### INFORMATION SUPPLIED:
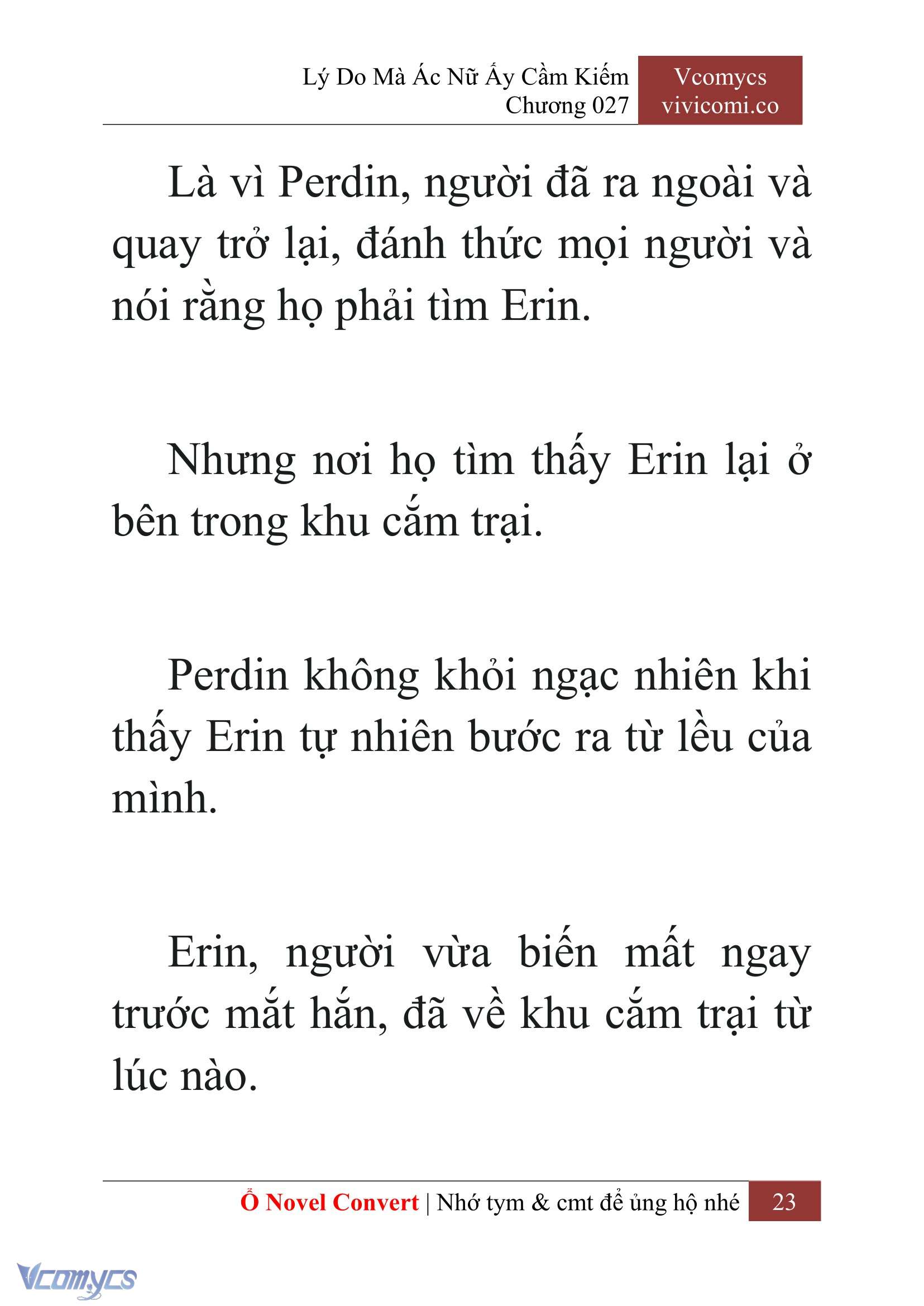[Novel] Lý Do Mà Ác Nữ Ấy Cầm Kiếm Chapter 27 - Trang 2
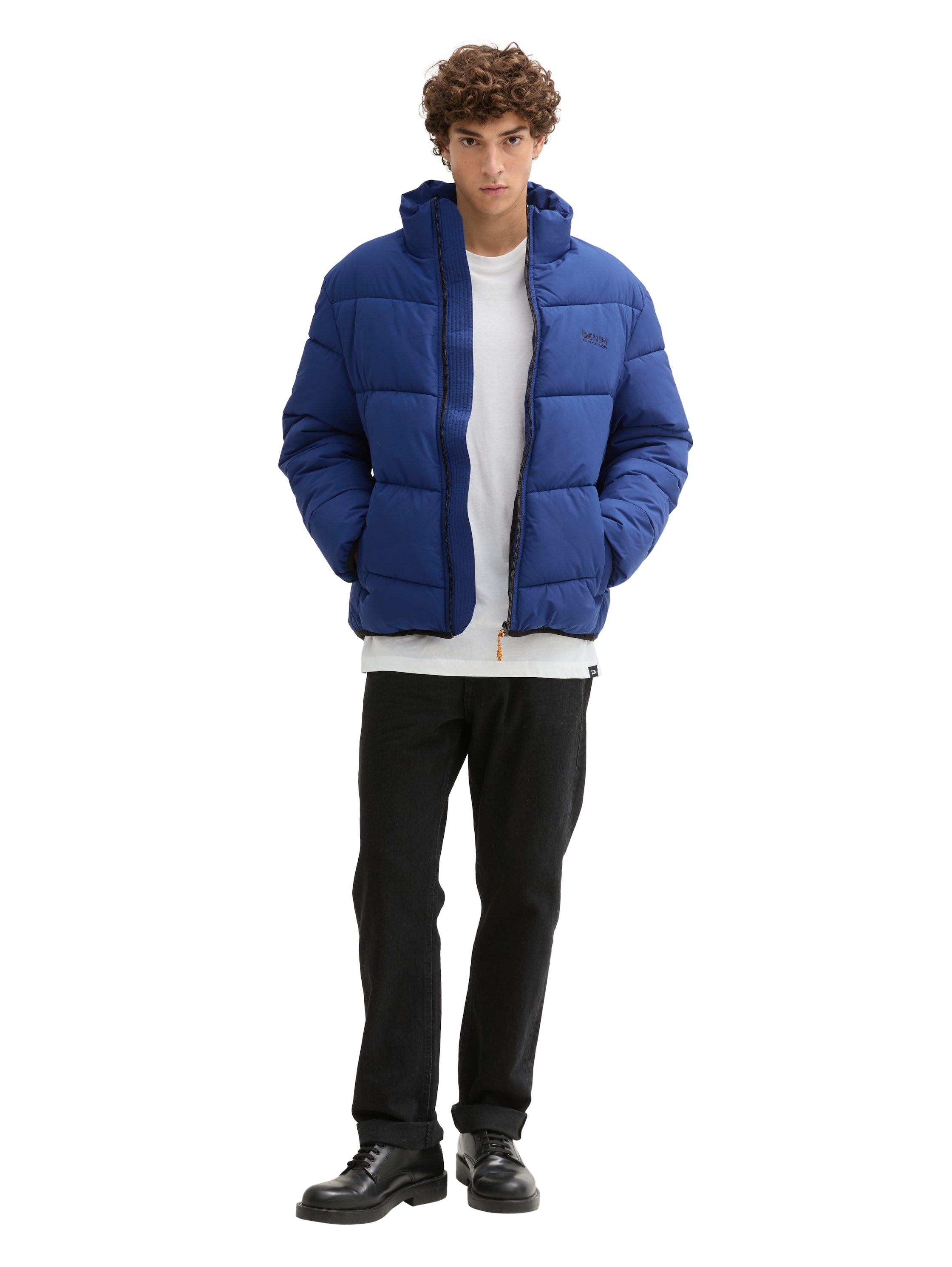 Tom Tailor Water-Repellent Gitane Puffer Jacket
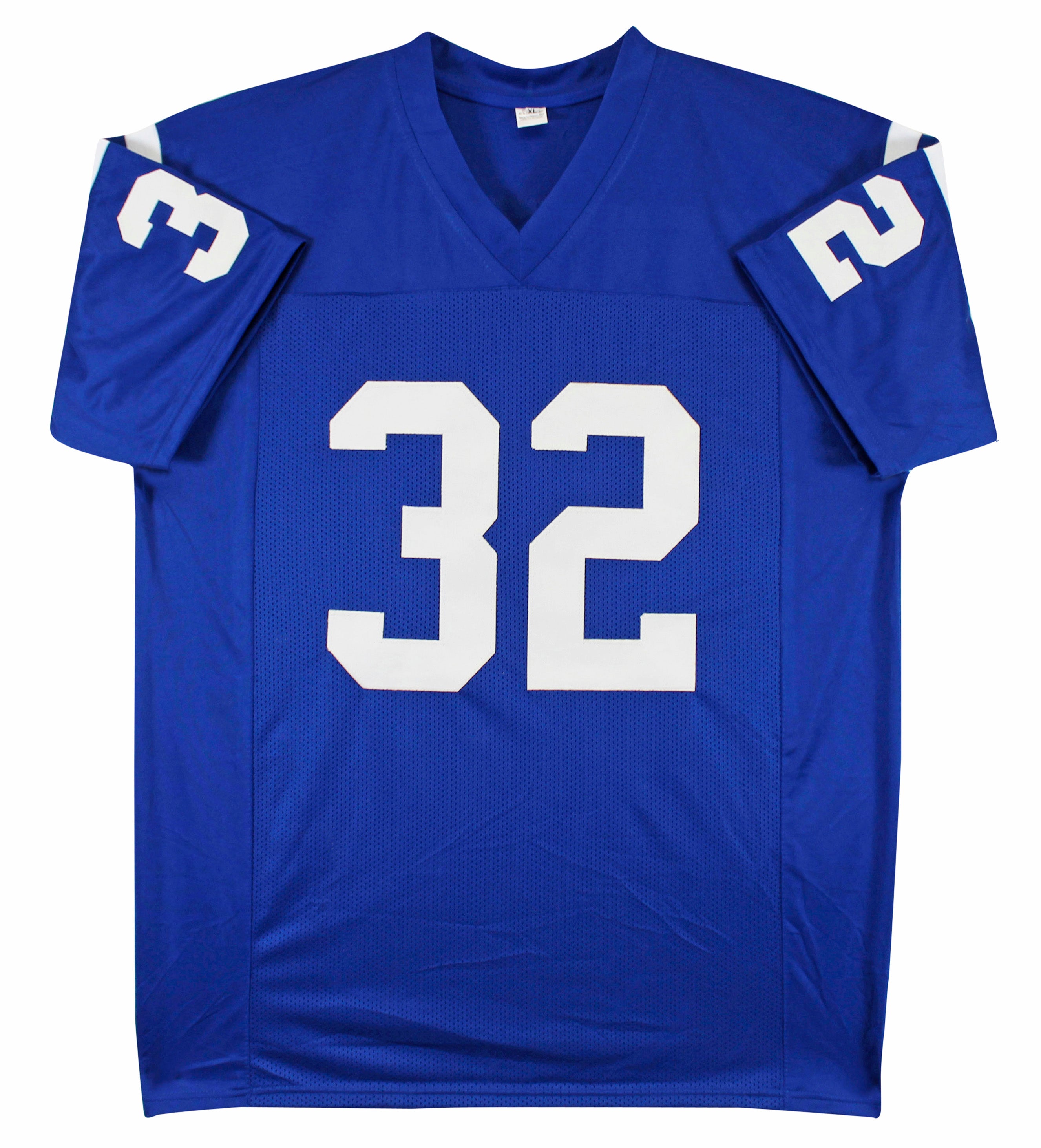 Edgerrin James Authentic Signed Blue Pro Style Jersey Autographed BAS HOLIDAY DOORBUSTER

### PROBLEM DETAILS:
Your output must reproduce the material above in full, with no pictures.

### FINAL ANSWER:
[Novel] Lý Do Mà Ác Nữ Ấy Cầm Kiếm Chapter 27 - Trang 2
 Tom Tailor Water-Repellent Gitane Puffer Jacket
 Edgerrin James Authentic Signed Blue Pro Style Jersey Autographed BAS HOLIDAY DOORBUSTER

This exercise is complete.